The Hartley Oscillator. Two Hartley oscillators are shown in Fig.10. The circuit shown in Fig.10(A) uses a vacuum tube, whereas the one shown in Fig.10(B) uses a transistor. Although the operation of the two circuits is so similar that if you understand one, you will understand the other, we will go through both circuits in consider able detail.


Figure 10. Typical Hartley oscillators; a vacuum tube Hartley oscillator is shown at (A), and a transistorized one at (B).

Notice the difference between the Hartley oscillators and the tuned-grid oscillators. The tuned-grid oscillator has two coils, whereas the Hartley oscillator uses only a single tapped coil. In the circuit shown in Fig.10(A), the cathode of the tube is connected to the tap, and in the circuit shown in Fig.10(B), the emitter of the transistor is connected to the tap.

In the circuit shown in Fig.10(A), when the plate current starts to flow through the tube, current must flow through the lower half of the coil between terminals 1 and 2. Since the entire coil is wound on a single form, all the various turns of the coil are inductively coupled together.

Therefore the increasing plate current flowing between terminals 1 and 2 will produce a changing magnetic field which will induce a voltage in the portion of the coil between terminals 2 and 3. This voltage will charge capacitor C1 with the polarity such that the end of the capacitor that connects to the junction of C2 and R1 is positive. Again since the value of C2 is chosen so that its reactance is practically zero at the oscillation frequency, the grid of the tube is in effect connected directly to C1. This means that the increase in plate current will drive the grid of the tube in a positive direction, causing a still stronger burst of current through the coil. This in turn causes still higher induced voltage between terminals 2 and 3 which again charges capacitor C1 still further. At the same time when the grid is driven positive, it will attract electrons, and C2 will be charged with the polarity shown.

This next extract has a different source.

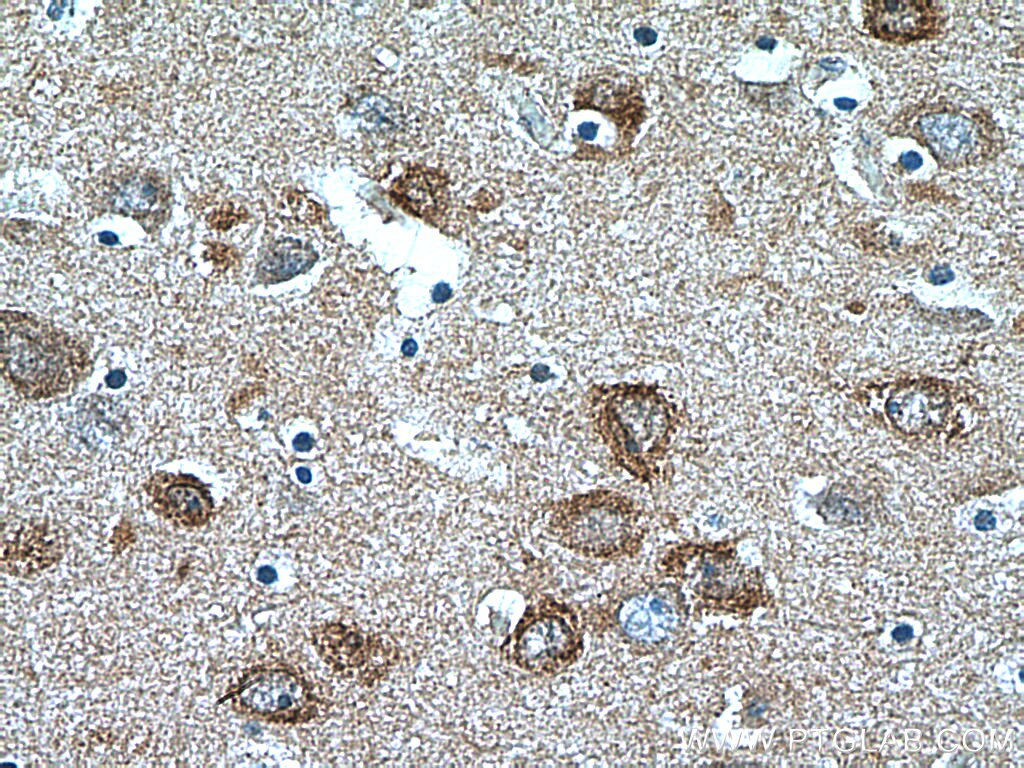 IHC staining of human brain using 11087-2-AP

As in the tuned-grid oscillator, the point is eventually reached where there is a balance between the positive voltage applied to the grid by C1 and the negative voltage applied to the grid across C2 and R1 so that there is no further increase in plate current. This means that the magnetic field produced by the current flowing between terminals 1 and 2 becomes constant and no further voltage will be induced in the coil. C1 starts to discharge through the coil, and the oscillating cycle is started. Furthermore, the positive voltage on the end of C1 that connects to the grid of the tube through C2 disappears, and the tube stops conducting.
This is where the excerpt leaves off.